• _INSTRUCTIONS FOR THE TASK_
Please repeat exactly, and only, the lines from the one containing "Pictured near the" through the end of the records below, with no pictures.

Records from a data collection

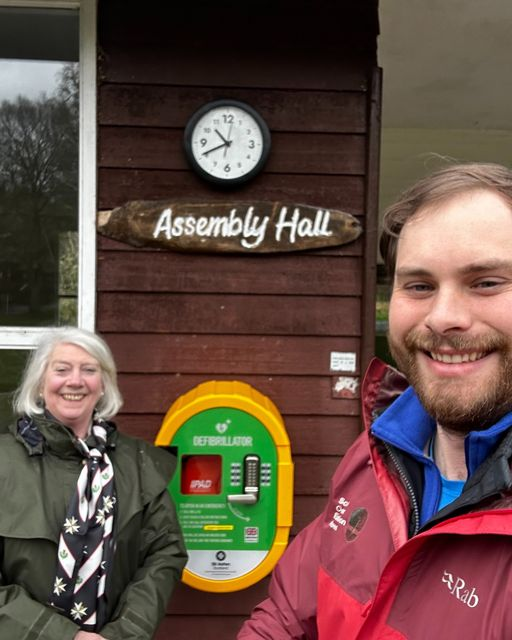 St John Scotland has helped install another defibrillator at Dounans Education Centre in #aberfoyle.

Pictured near the defibrillator is Elizabeth Roads and the Centre manage Harry Souch.

If you are interested in knowing more about St John Scotland visit stjohnscotland.org.uk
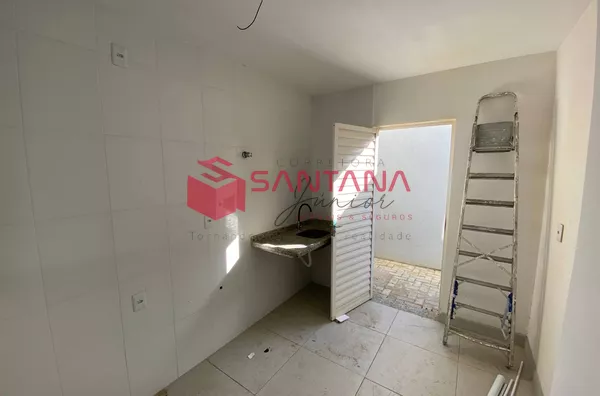 Casa com 3/4 à venda com vista Mar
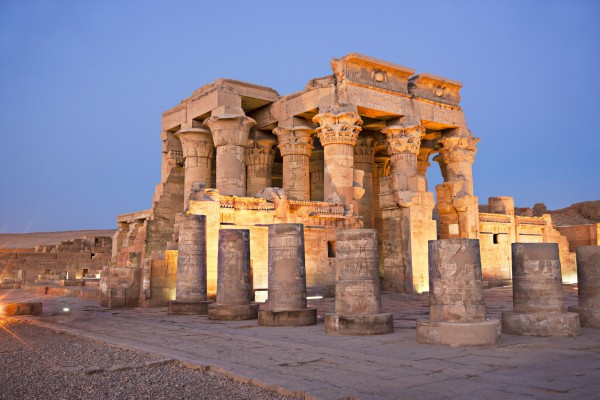 Cùng vé máy bay giá rẻ phám phá những ngôi đền cổ đại kỳ vĩ ở Ai Cập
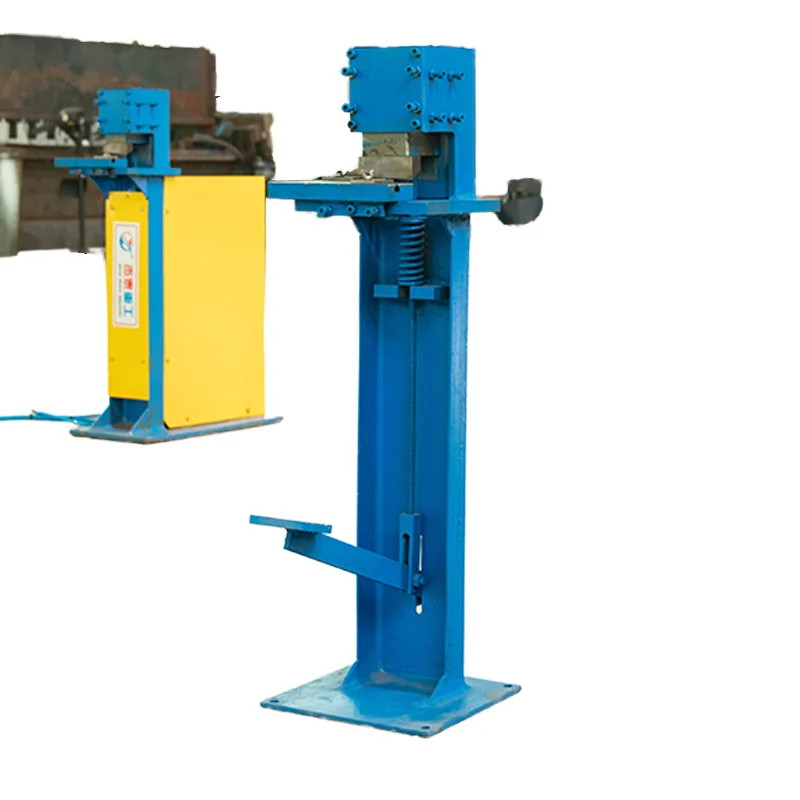 Hec58b403af0240f99d301e5d77518e4fw.webp Pedal-Type Corner Cutting Notching Machine 80x80mm Limited Cutting Range 1mm Thick Trim Equipment - Image 1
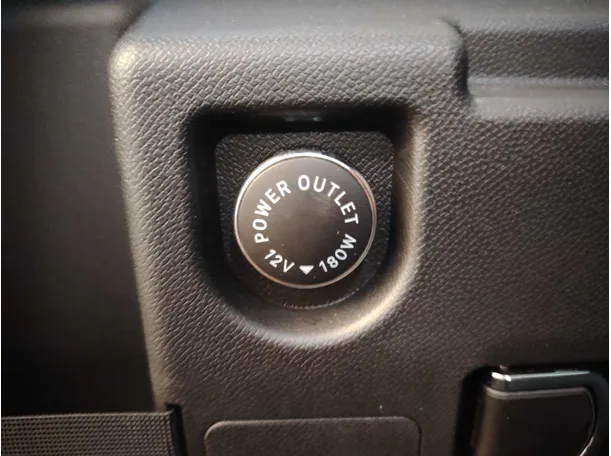 Car image 31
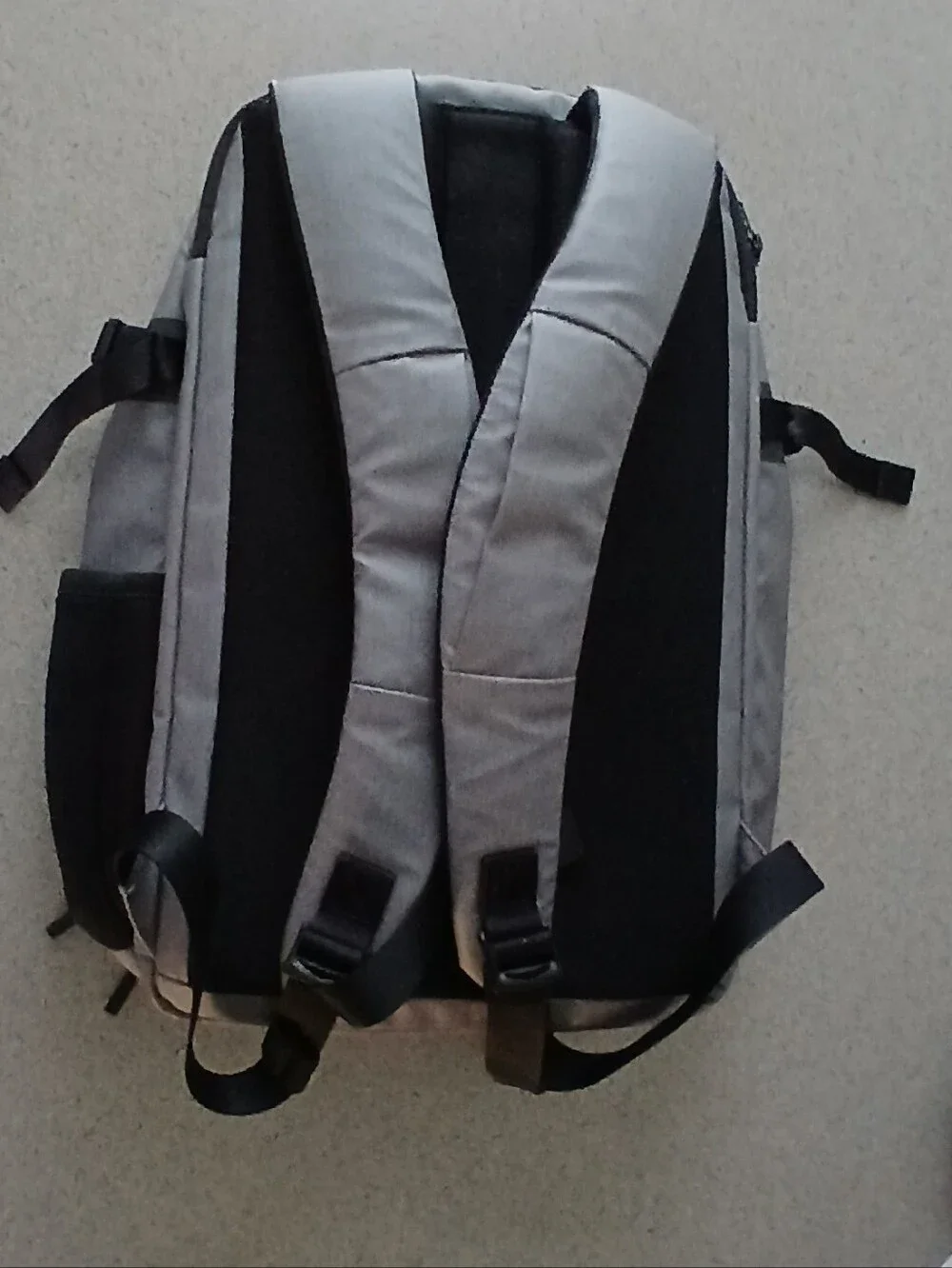 Timbuk2 Light Gray Men's Backpack with Black Accents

• _FINISHED EXERCISE_
Pictured near the defibrillator is Elizabeth Roads and the Centre manage Harry Souch.

If you are interested in knowing more about St John Scotland visit stjohnscotland.org.uk
 Casa com 3/4 à venda com vista Mar
 Cùng vé máy bay giá rẻ phám phá những ngôi đền cổ đại kỳ vĩ ở Ai Cập
 Hec58b403af0240f99d301e5d77518e4fw.webp Pedal-Type Corner Cutting Notching Machine 80x80mm Limited Cutting Range 1mm Thick Trim Equipment - Image 1
 Car image 31
 Timbuk2 Light Gray Men's Backpack with Black Accents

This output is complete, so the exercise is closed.